What you have to do: If pictures appear in the lines below, skip them and copy exactly the lines from the one containing "Melange by Lifestyle" through the one containing "view of patio with area for grilling", and nothing else.

Provided data:
....................

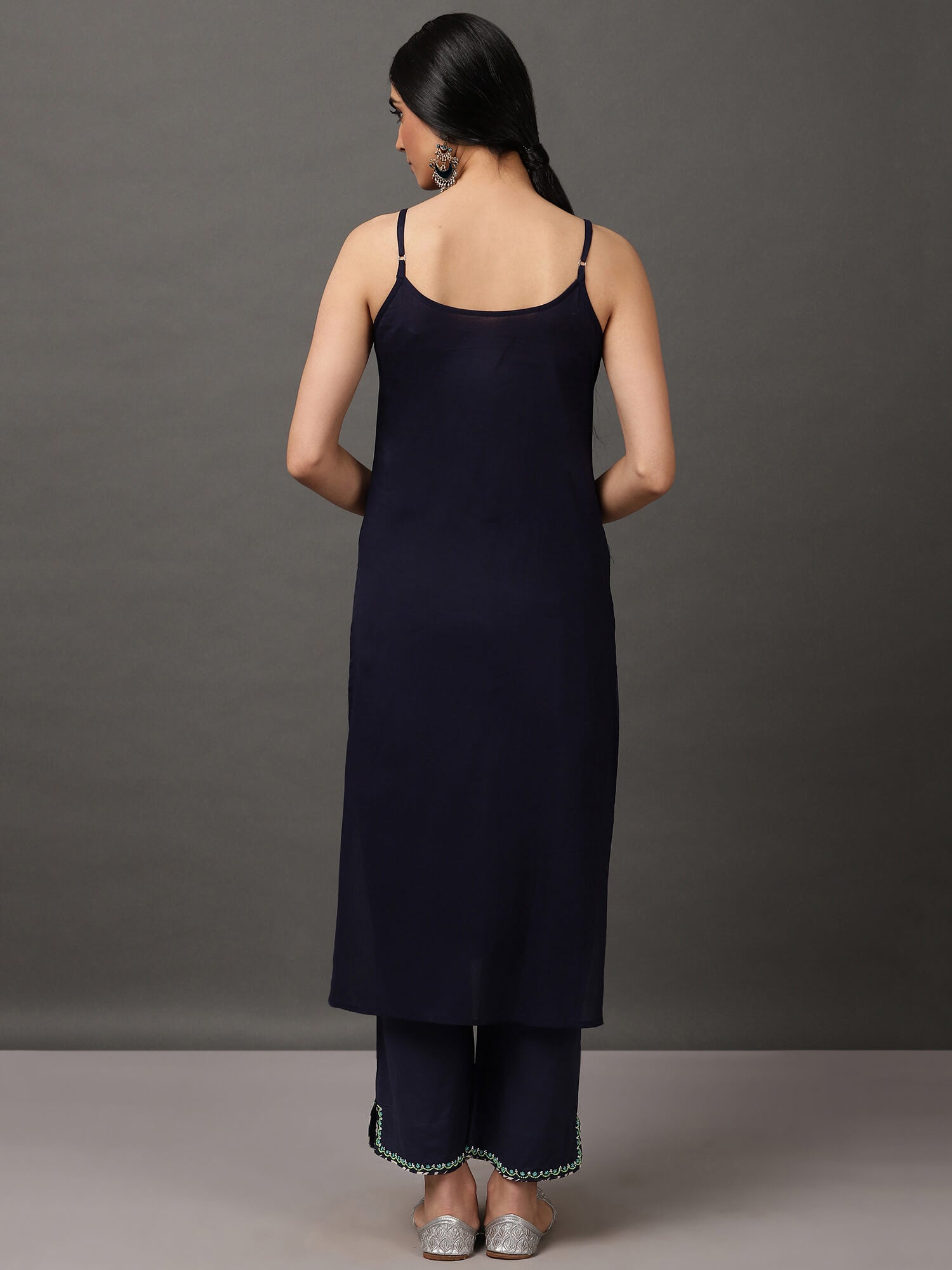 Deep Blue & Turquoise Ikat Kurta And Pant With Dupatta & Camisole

....................

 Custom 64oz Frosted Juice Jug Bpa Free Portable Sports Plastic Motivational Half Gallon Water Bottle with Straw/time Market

....................

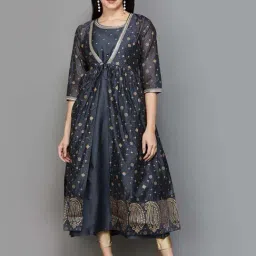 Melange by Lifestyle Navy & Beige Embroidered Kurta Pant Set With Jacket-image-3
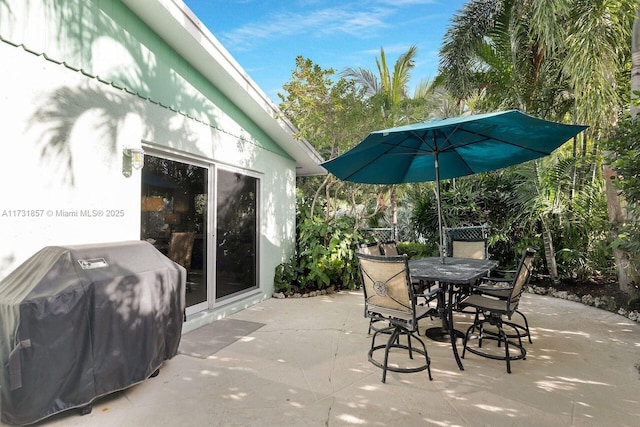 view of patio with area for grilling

....................

Task output:
 Melange by Lifestyle Navy & Beige Embroidered Kurta Pant Set With Jacket-image-3
 view of patio with area for grilling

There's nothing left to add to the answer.